Today, Gov. John Bel Edwards welcomed Israel-based Check Point Software Technologies Ltd. to Louisiana, where the company will pursue a cybersecurity partnership with Stephenson Technologies Corporation, LSU’s applied research corporation serving U.S. federal markets.
Gov. Edwards met with Check Point officials in October 2018 during an economic development mission to Israel. That exchange laid the groundwork for the new partnership to build on cybersecurity initiatives at LSU. Check Point is an international network security vendor with 4,300 employees who protect over 100,000 global businesses and organizations from cyber attacks.
The company will work with Stephenson Technologies Corp. to commission the partnership’s Innovation and Integration Lab, dedicated to developing next-generation cybersecurity solutions for industry and government clients. The partnership agreement was signed by Julie Mitchell, Check Point strategic account manager, and Jeff Moulton, president of Stephenson Technologies Corp.
“I am happy to welcome Check Point Software Technologies to Louisiana as we continue to expand our role as a U.S. leader in cybersecurity innovation,” Gov. Edwards said. “Cyber threats are always evolving, and new partnerships such as this one with Stephenson Technologies Corp. at LSU represent a critical effort for protecting vital assets, both public and private. This agreement is a direct result of our meeting with Check Point officials in Tel Aviv during our trade mission to Israel last fall. We look forward to a rewarding relationship that will build Louisiana’s strength and leadership in cybersecurity.”

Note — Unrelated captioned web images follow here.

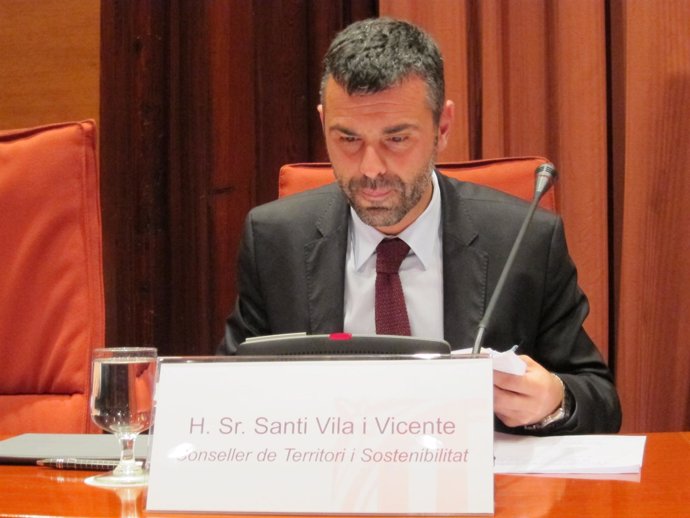 El conseller Santi Vila en el Parlament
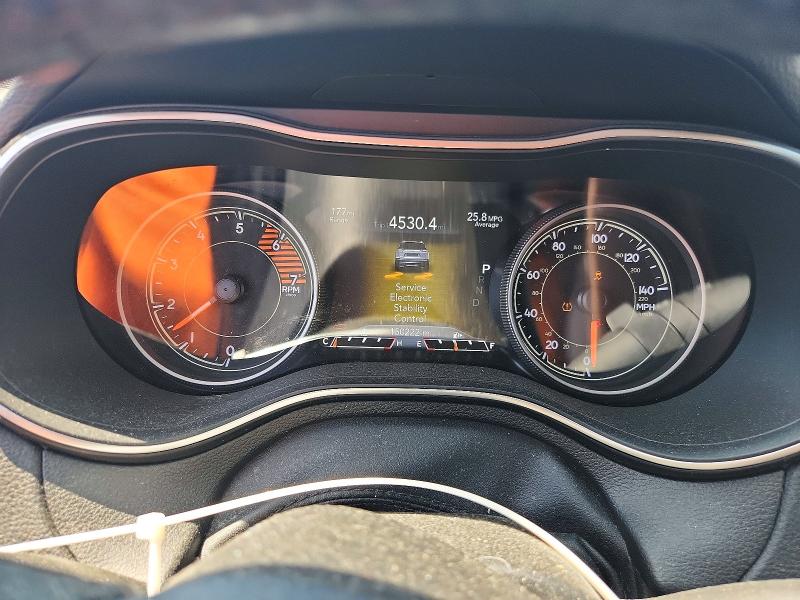 Photo 9 from auction – 2019 JEEP CHEROKEE with VIN 1C4PJMDN5KD258096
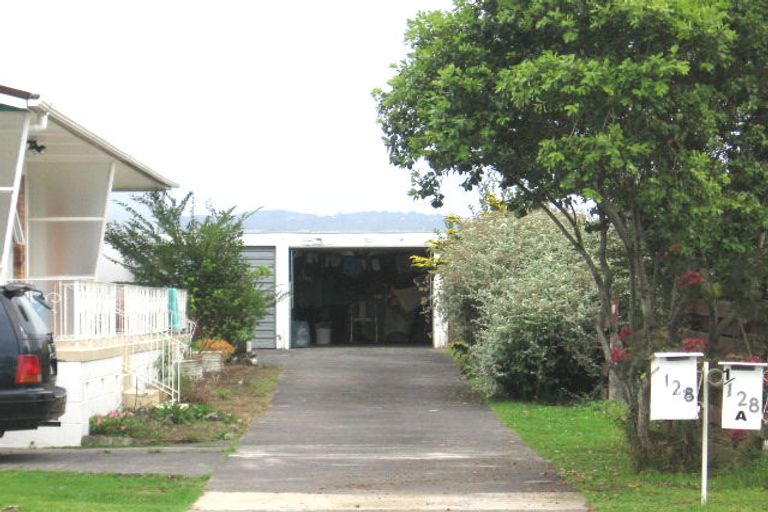 Photo of property in 1/128 Te Atatu Road, Te Atatu South, Auckland, 0610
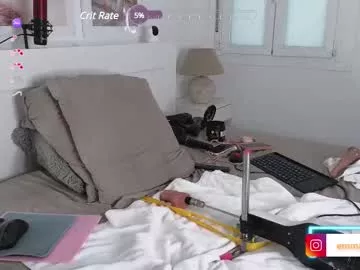 Offline emmybum on Chaturbate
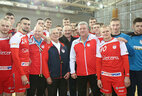 Александр Лукашенко во время посещения Дворца спорта "Уручье"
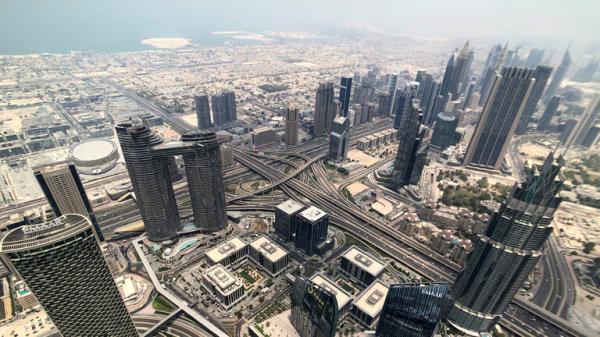 الإمارات تمنح "الإقامة الذهبية" لعشر سنوات لهذه الفئات !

One element of the new partnership is designed to develop cybersecurity training scenarios at the Joint Cyber Training Lab in LSU Innovation Park, with the LSU-based team integrating, customizing and testing a variety of Check Point products and technologies. The Joint Cyber Training Lab has worked extensively with the Louisiana National Guard’s cybersecurity specialists and has led the Cyber Shield training exercise involving National Guard cybersecurity teams from all 50 states.
The governor established the Louisiana Cybersecurity Commission in 2017. Two of its leaders – Moulton and Maj. Gen. Glenn Curtis of the Louisiana National Guard – accompanied the governor to Israel last fall and took part in cybersecurity discussions there. Israel attracted $815 million in cyber venture capital in 2017, with the nation cultivating 143 cybersecurity startups in the past two years and shipping as much as $6.5 billion in annual cybersecurity exports.
“The evolving challenges we face in cybersecurity – particularly around critical infrastructure and resilience – need new ways of thinking, and we’re excited about working with a company of Check Point’s technical caliber to develop new technologies,” Moulton said. “Check Point’s decision to join us in building an Innovation and Integration Lab underscores the importance of these challenges, affirms STC’s deep cyber capabilities, and underscores the importance of Gov. Edwards’ focus on cybersecurity and his ability to build relationships internationally.”
Prior to Tuesday’s signing ceremony, as part of the Stephenson Technologies Corp. work to support the U.S. Department of Defense and the Louisiana National Guard in research and development around critical infrastructure challenges, Gov. Edwards and other guests viewed a demonstration that included a cyber-based attack at LSU’s Fire & Emergency Training Institute. Tour participants included LSU President F. King Alexander, Maj. Gen. Curtis, Check Point officials Julie Mitchell and Razi Mukatren, and several others.
Gov. Edwards serves as co-chairman of the Resource Center for State Cybersecurity within the National Governors Association, or NGA. In May 2019, he will bring private sector leaders in the cybersecurity industry; educators, researchers and students; and the gubernatorial administrations of all 50 states to a cybersecurity event in Shreveport-Bossier City, Louisiana, home of the 3,000-acre National Cyber Research Park.
Louisiana has pursued an aggressive software and IT sector strategy during the past decade, a period that has seen the state invest over $200 million in higher education STEM initiatives, from cybersecurity to advanced manufacturing, with over 20,000 new direct and indirect jobs resulting from the effort. Two-thirds of those jobs are associated with university partnerships with CenturyLink, GE Digital, IBM, General Dynamics Information Technology, CGI, EA and DXC Technology. Advanced manufacturing partnerships with such companies as Sasol, Benteler Steel/Tube and Boeing have generated a third of the technology jobs associated with higher education initiatives.